On January 19, 2010, plaintiffs filed their SAC. On March 5, 2010, defendants VeriFone Systems, Inc., William Atkinson, Craig Bondy, Douglas Bergeron, Paul Periolat and Barry Zwarenstein filed motions to dismiss plaintiffs' SAC. The motions were fully briefed and oral argument was held on May 17, 2010, however plaintiffs filed an unopposed motion for leave to file a TAC in order to include new evidence allegedly revealed in transcripts of testimony related to the SEC investigation. Docket No. 250 (Motion for Leave) at 2. The court granted plaintiffs' motion and on September 15, 2010, plaintiffs filed their TAC. Docket No. 262 (TAC). Defendants VeriFone Systems, Inc., William Atkinson, Craig Bondy, Douglas Bergeron, Paul Periolat and Barry Zwarenstein now move to dismiss plaintiffs' TAC.

LEGAL STANDARD I. Section 10(b)

Under section 10(b) of the Securities and Exchange Act of 1934 ("the Act"), it is unlawful for "any person . . . [t]o use or employ, in connection with the purchase or sale of any security registered on a national securities exchange . . . any manipulative or deceptive device or contrivance in contravention of such rules and regulations as the [Securities and Exchange] Commission may prescribe as necessary or appropriate in the public interest or for the protection of investors." 15 U.S.C. § 78j(b). One such rule prescribed under the Act is Securities and Exchange Commission ("SEC") Rule 10b-5. This rule provides, among other things, "It shall be unlawful for any person . . . [t]o engage in any act, practice, or course of business which operates or would operate as a fraud or deceit upon any person, in connection with the purchase or sale of any security." 17 C.F.R. § 240.10b-5(c). Plaintiffs must prove five elements to prevail on a claim asserting a primary violation of Rule 10b-5: 1) a material misrepresentation or omission of fact; 2) scienter; 3) a connection with the purchase or sale of a security; 4) transaction and loss causation; and 5) economic loss. In re Daou Sys., 411 F.3d 1006, 1014 (9th Cir. 2005).

II. Insider Trading

Section 20A of the Act provides that an insider who trades stock while in possession of material, nonpublic information is liable to any person who traded contemporaneously with the insider. See 15 U.S.C.A. § 78t-1(a). Insider trading can also be a separate, primary violation under section 10(b). See SEC Rule 10b5-1. Such a claim is subject to the section 10(b) pleading requirements discussed below. See Johnson v. Aljian, 394 F. Supp. 2d 1184, 1197 (C.D. Cal. 2004) (citing Ernst Ernst v. Hochfelder, 425 U.S. 185, 193 (1976)). Section 20A claims require proof of a separate underlying violation of the Act. Id. at 1194 (citing In re Advanta Corp. Sec. Litig., 180 F.3d 525, 541 (3d Cir. 1999)).
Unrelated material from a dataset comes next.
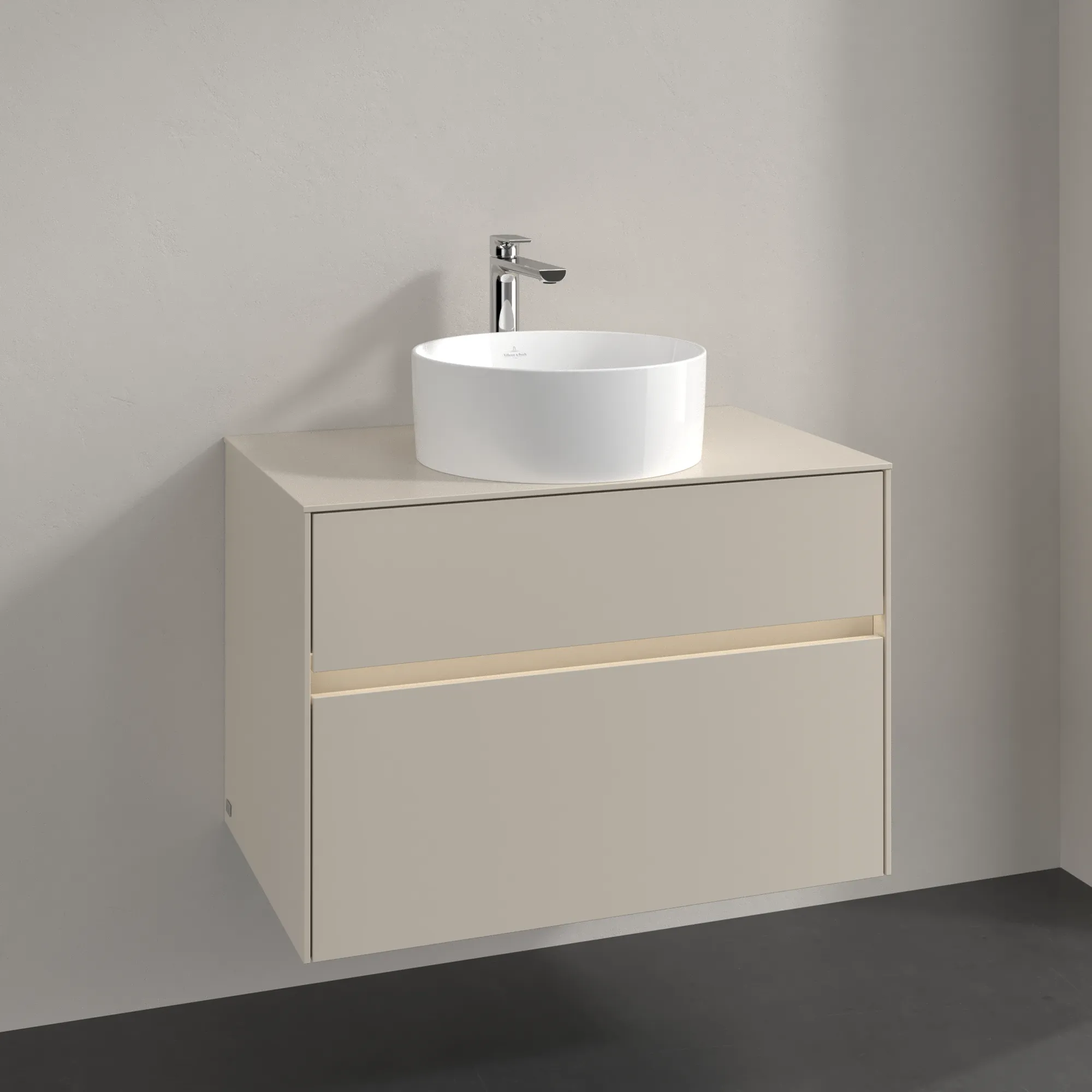 Villeroy & Boch Waschbeckenunterschrank Collaro C037B0, Cashmere Grey, 800x548x500 mm, mit Beleuchtung und SoftClosing, für Aufsatzwaschbecken Villeroy & Boch Waschbeckenunterschrank Collaro C037B0, Cashmere Grey, 800x548x500 mm, mit Beleuchtung und SoftClosing, für Aufsatzwaschbecken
III. Control Person Liability

Section 20(a) of the Act makes certain "controlling" individuals liable for primary violations of the Act and its underlying regulations. See 15 U.S.C. § 78t(a). Without a primary violation of the Act, there is no control liability under section 20(a). Heliotrope Gen., Inc. v. Ford Motor Co., 189 F.3d 971, 978 (9th Cir. 1999).

IV. Motion to Dismiss

A motion to dismiss under Federal Rule of Civil Procedure 12(b)(6) "tests the legal sufficiency of a claim." Navarro v. Block, 250 F.3d 729, 732 (9th Cir. 2001). A motion to dismiss should be granted if plaintiffs fail to proffer "enough facts to state a claim to relief that is plausible on its face." Bell Atl. Corp v. Twombly, 550 U.S. 554, 570 (2007); see Ashcroft v. Iqbal, ___ U.S. ___, ___, 129 S. Ct. 1937, 1949 (2009). "Dismissal can be based on the lack of a cognizable legal theory or the absence of sufficient facts alleged under a cognizable legal theory." Balistreri v. Pacifica Police Dep't, 901 F.2d 696, 699 (9th Cir. 1990). "A complaint should not be dismissed unless it appears beyond doubt that the [p]laintiffs can prove no set of facts in support of their claim that would entitle them to relief." Johnson v. Knowles, 113 F.3d 1114, 1117 (9th Cir. 1997). "Allegations of material fact are taken as true and construed in the light most favorable to the nonmoving party." Cahill v. Liberty Mut. Ins. Co., 80 F.3d 336, 337-38 (9th Cir. 1996). The court need not, however, accept as true allegations that are conclusory, legal conclusions, unwarranted deductions of fact or unreasonable inferences. See Sprewell v. Golden State Warriors, 266 F.3d 979, 988 (9th Cir. 2001); Clegg v. Cult Awareness Network, 18 F.3d 752, 754-55 (9th Cir. 1994).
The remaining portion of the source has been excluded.